Sul muro sud del vano orientale è presente una teoria di Santi databile all’inizio del XIII secolo. L’analisi degli affreschi mostra delle sensibili variazioni rispetto all’affresco sul pilastro; partendo da destra abbiamo la Vergine seduta su un trono con decorazioni che suggeriscono elementi di ricchezza e regalità; la Madonna ha in grembo Gesù che abbraccia la Madre accostando il suo volto a quello di Maria. Questo genere iconografico - caratterizzato dall'abbraccio tra la Vergine ed il Bambino - è definito Madonna Eleusa (misericordiosa). Immediatamente accanto è dipinto San Giacomo, identificabile dall’iscrizione "JAC" alla destra del suo capo. A seguire abbiamo San Pietro, Santa Caterina d’Alessandria e un santo vescovo non identificato.


Sul muro a destra, che separa i due ambienti, sono raffigurati San Giorgio e San Nicola di Myra datati al XIII-XIV secolo. I due Santi sono separati tra di loro da una riga appena leggibile. San Nicola, vestito in abiti vescovili, stringe il pastorale nella mano sinistra mentre la destra è benedicente. San Giorgio, in pessime condizioni di conservazione, è a cavallo con la mano destra sollevata nell’impugnare la lancia verso il basso contro il drago che è andato perso in seguito all’apertura dell’accesso di collegamento dei due ambienti.

Nel 1576 la chiesa superiore subì un considerevole restauro che ne modificò sostanzialmente l'aspetto interno, mentre nel Settecento fu realizzata l'imponente scala d'ingresso che conduce ad un protiro caratterizzato da con un timpano triangolare sostenuto da colonne.
Caduta successivamente in disuso, durante la prima guerra mondiale fu utilizzata come deposito militare finché, nel 1939 fu affidata in concessione alla confraternita di Santo Stefano dall'arcivescovado.
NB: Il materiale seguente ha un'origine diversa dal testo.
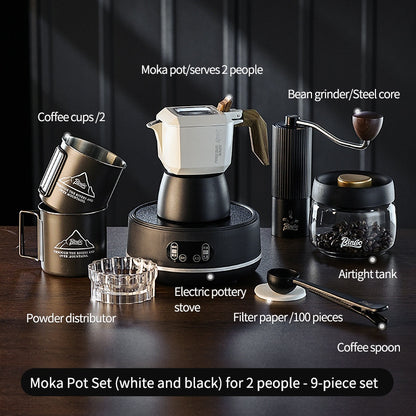 BINCOO Double Valve Moka Pot Espresso Pot Set Coffee Utensils Suitable for Household Outdoor Camping 2Cups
Secondo lo storico dell'arte Antonio Braca queste strutture lignee – oggi conservate nel Victoria and Albert Museum di Londra – che in origine probabilmente sostenevano un pulpito, potrebbero provenire dalla chiesa di San Pietro a Corte. Lo storico dell'arte sostiene, infatti, che le colonne furono acquistate nel 1886 a Napoli presso un certo Pepe. Nel 1914, il Tavenor-Perry, in un suo articolo storico, precisa, nel ritrarle, che le stesse provenivano dalla Cappella Palatina di Salerno.
Altri storici sostengono, tuttavia, la non appartenenza alla Cappella Palatina di Salerno, riconoscendovi, invece, origini siciliane (Negri Arnoldi, Williamson) (2).


Note:
(1) Secondo più recenti ipotesi interpretative, non confermate però da una storiografia certa, indicano l'ambiente di San Pietro a Corte non come Cappella Palatina ma come aula di rappresentanza della Reggia di Arechi II.